Which is negligible. With today’s prices per TB, I personally wouldn’t bother adding complexity, sacrificing performance or buying new SSD just to save 20 Bucks. Aside from using memory worth a multitude of that to make dedup happen at all. This is why people don’t use dedup → opportunity cost higher than gains.
If you want to do it “for Science”, then consider using a special vdev to store your dedup table and tune zfs parameters so dedup table doesn’t dominate your ARC.
There is no compression on storage spaces? Compression ratio ranges from 1.0 to 5.0 depending on what kind of data you got. If its all highly compressed media files or zip folders, transparent compression is barely worth the cpu cycles.
Database, text files, OS files…those are prime real estate for compression and usually go >2.0
I recommend using zstd. Level 3 is default, but over the last 2 years I realized that my Zen3 CPU can compress zstd-5 and zstd-7 by the Gigabytes per second and I moved most archive-ish datasets to higher compression.
Even with a shitty CPU, lz4 compression is a no-brainer. I can’t think of a machine outside of dual core laptops that would want to disable this for power saving.
All of us like more storage and less space dedicated to redundancy. But if you want fault tolerance and integrity, there is no other option.

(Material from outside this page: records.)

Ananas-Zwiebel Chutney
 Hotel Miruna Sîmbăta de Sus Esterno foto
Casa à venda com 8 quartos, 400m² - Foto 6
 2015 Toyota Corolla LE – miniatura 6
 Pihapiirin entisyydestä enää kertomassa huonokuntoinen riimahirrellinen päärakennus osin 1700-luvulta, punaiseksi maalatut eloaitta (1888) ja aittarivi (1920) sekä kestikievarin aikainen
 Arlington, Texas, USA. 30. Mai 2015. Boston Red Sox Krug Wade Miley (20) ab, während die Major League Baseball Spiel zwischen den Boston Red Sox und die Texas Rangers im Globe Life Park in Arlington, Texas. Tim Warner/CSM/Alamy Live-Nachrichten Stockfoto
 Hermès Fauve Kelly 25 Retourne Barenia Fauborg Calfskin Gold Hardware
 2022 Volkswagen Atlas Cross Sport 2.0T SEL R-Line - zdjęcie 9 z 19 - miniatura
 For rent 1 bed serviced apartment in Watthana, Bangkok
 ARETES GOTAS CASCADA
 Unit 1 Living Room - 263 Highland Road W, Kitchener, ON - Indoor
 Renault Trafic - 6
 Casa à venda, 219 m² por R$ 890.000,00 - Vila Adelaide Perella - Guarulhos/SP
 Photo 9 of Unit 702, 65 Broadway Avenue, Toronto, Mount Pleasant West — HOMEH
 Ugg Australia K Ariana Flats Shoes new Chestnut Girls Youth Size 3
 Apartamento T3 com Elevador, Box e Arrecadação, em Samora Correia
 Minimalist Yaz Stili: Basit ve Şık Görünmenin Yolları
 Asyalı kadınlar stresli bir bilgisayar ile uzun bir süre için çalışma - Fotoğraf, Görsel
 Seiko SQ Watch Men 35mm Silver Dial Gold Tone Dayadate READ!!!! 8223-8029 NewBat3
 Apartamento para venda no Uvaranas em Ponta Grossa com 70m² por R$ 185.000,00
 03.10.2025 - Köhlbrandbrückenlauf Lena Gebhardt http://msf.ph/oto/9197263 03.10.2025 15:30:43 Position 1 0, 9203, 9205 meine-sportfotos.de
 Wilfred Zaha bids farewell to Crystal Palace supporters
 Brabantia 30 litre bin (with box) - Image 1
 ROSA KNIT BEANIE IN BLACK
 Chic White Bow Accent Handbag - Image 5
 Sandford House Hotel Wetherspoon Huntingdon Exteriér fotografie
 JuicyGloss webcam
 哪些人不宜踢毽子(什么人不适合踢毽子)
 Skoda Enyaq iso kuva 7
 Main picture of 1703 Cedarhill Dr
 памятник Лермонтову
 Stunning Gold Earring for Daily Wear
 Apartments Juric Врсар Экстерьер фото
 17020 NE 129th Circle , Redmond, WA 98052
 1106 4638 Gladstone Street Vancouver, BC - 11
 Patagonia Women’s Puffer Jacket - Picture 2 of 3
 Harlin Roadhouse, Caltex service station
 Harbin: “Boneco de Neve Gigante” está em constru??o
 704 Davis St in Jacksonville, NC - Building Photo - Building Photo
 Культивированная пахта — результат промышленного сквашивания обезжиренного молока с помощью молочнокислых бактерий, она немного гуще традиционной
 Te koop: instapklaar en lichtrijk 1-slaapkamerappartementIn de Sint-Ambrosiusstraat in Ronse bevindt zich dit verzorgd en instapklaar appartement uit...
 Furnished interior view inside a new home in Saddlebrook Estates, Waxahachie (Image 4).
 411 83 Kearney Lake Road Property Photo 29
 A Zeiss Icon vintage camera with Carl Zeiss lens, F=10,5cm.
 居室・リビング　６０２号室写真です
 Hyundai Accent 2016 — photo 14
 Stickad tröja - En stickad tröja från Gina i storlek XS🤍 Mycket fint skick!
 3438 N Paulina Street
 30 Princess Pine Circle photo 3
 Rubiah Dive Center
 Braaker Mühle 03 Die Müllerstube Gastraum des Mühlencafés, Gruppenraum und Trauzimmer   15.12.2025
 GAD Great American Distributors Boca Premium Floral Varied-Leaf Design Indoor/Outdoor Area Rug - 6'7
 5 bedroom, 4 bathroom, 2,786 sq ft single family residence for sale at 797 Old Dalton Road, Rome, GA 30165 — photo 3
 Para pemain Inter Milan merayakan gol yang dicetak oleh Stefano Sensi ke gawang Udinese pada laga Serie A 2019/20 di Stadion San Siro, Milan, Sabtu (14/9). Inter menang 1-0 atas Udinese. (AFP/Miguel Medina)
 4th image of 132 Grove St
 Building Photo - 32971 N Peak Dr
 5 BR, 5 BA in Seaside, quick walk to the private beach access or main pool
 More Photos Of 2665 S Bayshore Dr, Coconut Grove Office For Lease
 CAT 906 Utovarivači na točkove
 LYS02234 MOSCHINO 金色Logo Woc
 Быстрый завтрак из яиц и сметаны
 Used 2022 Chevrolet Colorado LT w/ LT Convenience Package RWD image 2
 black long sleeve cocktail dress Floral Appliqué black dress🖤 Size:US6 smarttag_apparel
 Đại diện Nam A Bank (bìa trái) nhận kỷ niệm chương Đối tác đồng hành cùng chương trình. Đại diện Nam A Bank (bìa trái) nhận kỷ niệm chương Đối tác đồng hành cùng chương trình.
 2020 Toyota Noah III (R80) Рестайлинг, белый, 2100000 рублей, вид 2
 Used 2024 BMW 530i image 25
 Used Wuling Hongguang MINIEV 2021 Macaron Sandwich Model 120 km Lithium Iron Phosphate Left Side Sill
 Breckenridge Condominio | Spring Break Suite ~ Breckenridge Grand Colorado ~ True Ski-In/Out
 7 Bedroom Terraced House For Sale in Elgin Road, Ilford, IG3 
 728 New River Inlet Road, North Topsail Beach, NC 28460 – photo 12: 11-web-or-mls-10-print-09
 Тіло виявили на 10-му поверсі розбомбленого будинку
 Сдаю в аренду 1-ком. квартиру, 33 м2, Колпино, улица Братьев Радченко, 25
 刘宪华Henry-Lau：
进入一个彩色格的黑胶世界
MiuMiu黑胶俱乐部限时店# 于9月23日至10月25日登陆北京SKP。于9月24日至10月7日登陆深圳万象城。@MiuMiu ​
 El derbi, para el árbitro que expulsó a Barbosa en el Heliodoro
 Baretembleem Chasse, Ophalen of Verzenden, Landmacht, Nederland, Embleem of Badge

And ZFS can’t repair stuff if damaged. So whats the point of migration then?
You may get a warning from TrueNAS or whatever software you’re using, but that will work. Data gets striped across all top level vdevs, making it a de-facto RAID0 config. With the disadvantages mentioned above.
No. Because there is metadata and filesystems (very nature of CoW) fragment over time and exponentially so when they approach capacity limits. Recommendation is to not let the pool run >80% of capacity because performance goes downhill very fast. And I’m not talking about write amplification and wasted space yet which will be thing with fixed blocksize ZVOLs.
7.5TB is a naive way of thinking about storage.
Keyword here is cache. HDDs won’t deliver performance no matter how much you have in whatever config. ARC will make performance happen along with L2ARC for reads and SLOG for sync writes. More ARC is more better.
I’m running with 30GB dirty_data_max and sync=disabled and writes are just wire speed (10GBe in my case) for all intents and purposes. Memory is life
Memory impact for 500G of L2ARC is trivial for an ARC size of 40GB.
If you need Sync, SLOG is the most efficient use of storage ever. And performance is fairly important to you. Making Sync writes basically async is like 10000% faster writes. Otherwise set sync=disabled to let your memory be the SLOG.
To sum things up and my recommendation:
Don’t use dedup.
Create a pool with the two drives each being a stripe vdev (single). Partition the SSD (better: use namespaces) with 16GB going as a SLOG and the rest as L2ARC and enable persistent L2ARC.
Works.